1204 S. University Ave
Beer tours: Ashley’s
It’s hard to describe the student experience without talking about beer. Ashley’s opened in 1983 to celebrate good food, good drink and good friends – and they’re very big on beer. In fact, they say they’ve traveled the world to find the best beers from Bohemia to Flanders to Michigan micro-brews. They sponsor a beer tour and give out rewards at various levels for trying different beers, from a free snack for five different beers to a personalized ‘beer hunter’ hooded sweatshirt for 100 different varieties. (Achieving that level also guarantees their name immortalized on the Beer Tour Plaque). Their beers come with a rating that ranks their flavor, body, hop bitterness and aftertaste.
338 S. State Street
Immigrant spirit: Jerusalem Garden
Known as ‘a corner of Palestine in Ann Arbor’, Jerusalem Garden is the creation of Ribhi Ramlawi. He fled Jerusalem in 1948 with his family and then immigrated to the U.S. in 1962. In 1987, he used a severance check to open Jerusalem Garden, which has become a favorite among students for its Middle Eastern fare. Determined to continue their father’s legacy, his three children took over upon their father’s death and continue using his recipes.
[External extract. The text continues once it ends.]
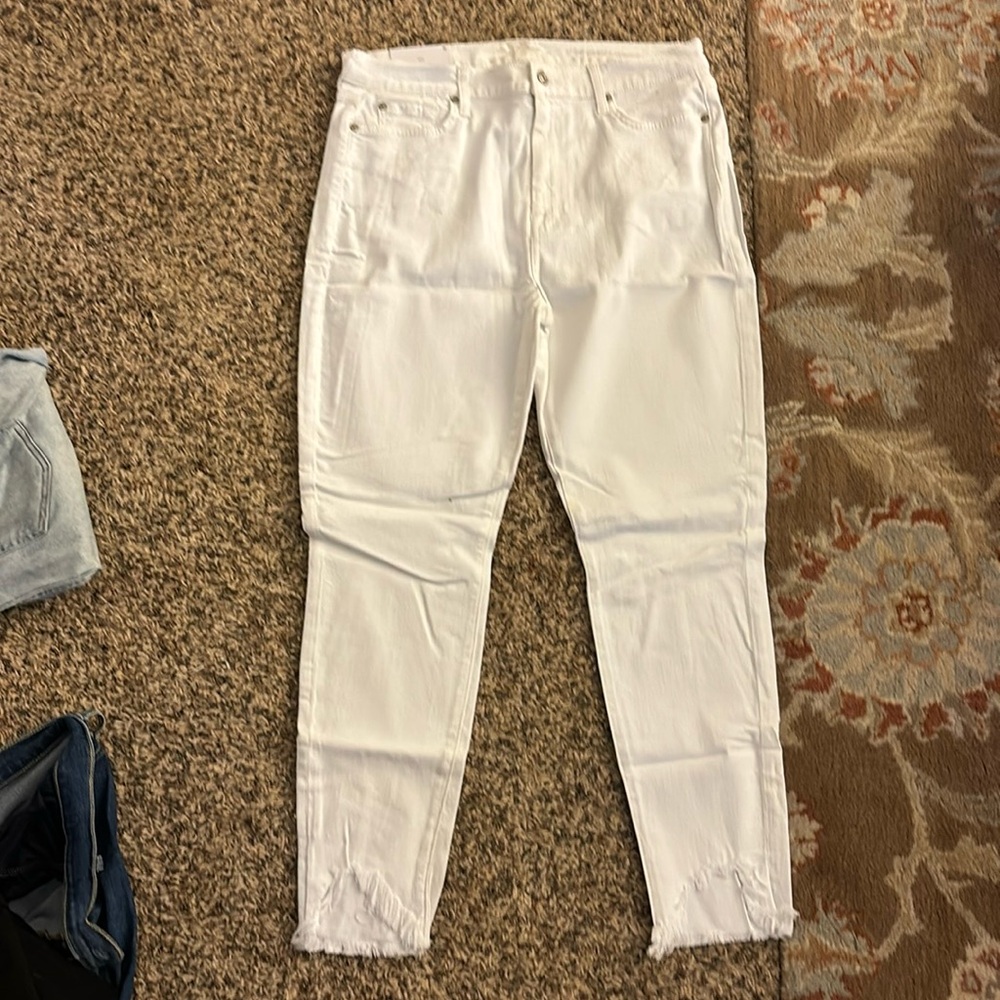 7 for All Mankind High Waist Ankle Gwenevere! stretchy, size 32! NEVER WORN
While the restaurant itself is popular, it’s especially well-known for catering and many people who have never stepped through their doors attest to how delicious their food is.
314 E. Liberty Street
When the parents pay: Zingerman’s Deli and Zingerman’s Roadhouse
Zingerman’s has become an institution in Ann Arbor, though their commitment to fine ingredients and paying their employees a living wage mean that it can be steep on a student’s budget. It’s the sort of place students go to when their parents are visiting and picking up the tab. The deli was established downtown in 1982 and serves high-quality sandwiches, soups and salads. The Roadhouse has earned James Beard nominations for outstanding hospitality two years in a row. The chef creates new specials each week including weekly ‘blue plate’ specials that aren’t quite so hard on the pocket.